Por: Alexiel Vidam
“Escuchen, imbéciles de mierda, aquí hay un hombre que va a cortar por
lo sano; un hombre que va a hacer frente a la chusma, a la prostitución, a las
drogas, a la podredumbre, a la basura, y acabará con todo eso…”
No es el discurso que escucharíamos de un Superman… ni
siquiera de un Batman, y es que Travis
Brickle -protagonista de Taxi Driver-
está muy lejos de ser el clásico héroe. Travis es un sujeto alienado y solitario en una ciudad podrida,
donde reinan las drogas, la prostitución y el crimen. Donde la suciedad se
concentra a niveles que no le permiten respirar… ni dormir… Y ya que no
encuentra cura para su insomnio, decide desfogar las ansias de sus “horas de
sobra” manejando un taxi, en esa ciudad que tanto detesta.
Nos encontramos, pues, ante un personaje lleno de paradojas. Un sujeto bonachón, con rasgos demasiado inocentes para ser un ex marine de
una de las guerras más traumáticas de Estados Unidos (la Guerra de Vietnam); en
contraste, un consumidor recurrente de
pornografía… hacia la cual, sin embargo, muestra un interés asexuado,
completamente insensible y desconcertante para el espectador.
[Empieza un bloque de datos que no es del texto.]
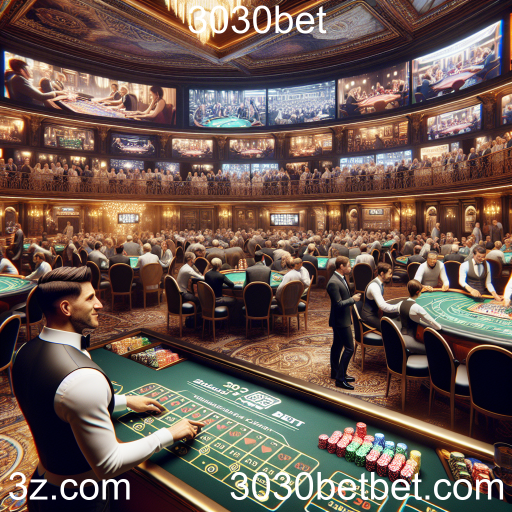 A Emoção dos Jogos Ao Vivo no 3030bet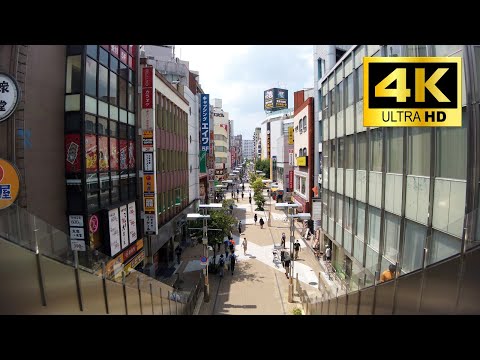 Hachioji, downtown, Tokyo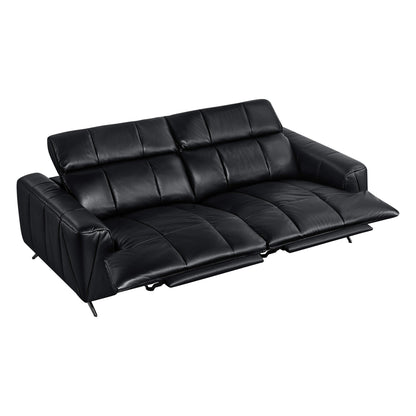 Elan Streamlined Zero Gravity Genuine Leather 2 Seater Reclining Sofa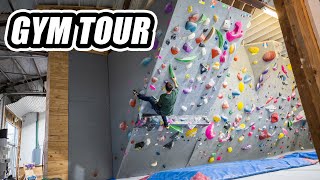 Climbing Gym Tour/Review! (Coastal Climbing GYM)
Es, al mismo tiempo, un romántico
enamorado de la belleza en su expresión más “pura”, dueño de un corazón
noble y benefactor… pero también un
psicótico, alucinado con lo que él cree es su rol decisivo en el mundo. Esa
misma psicosis, es la que le lleva a dividir su entorno en sólo dos polos
extremos: lo bueno, y lo despreciable. Todo
lo que no es bueno, es basura, y la basura tiene un único y claro destino: el
infierno.
En medio de tanto enredo cerebral, la magia de Scorsese -director de Taxi Driver-, consiste en llevarnos a ver con los ojos de Travis. Nos
identificamos con su indignación, con su soledad, y con sus ansias de “limpiarlo
todo”. Es así que, en una nueva contradicción, Travis se convierte en un héroe citadino, en un salvador de las pocas
dosis de pureza que le quedan a esta ciudad nauseabunda.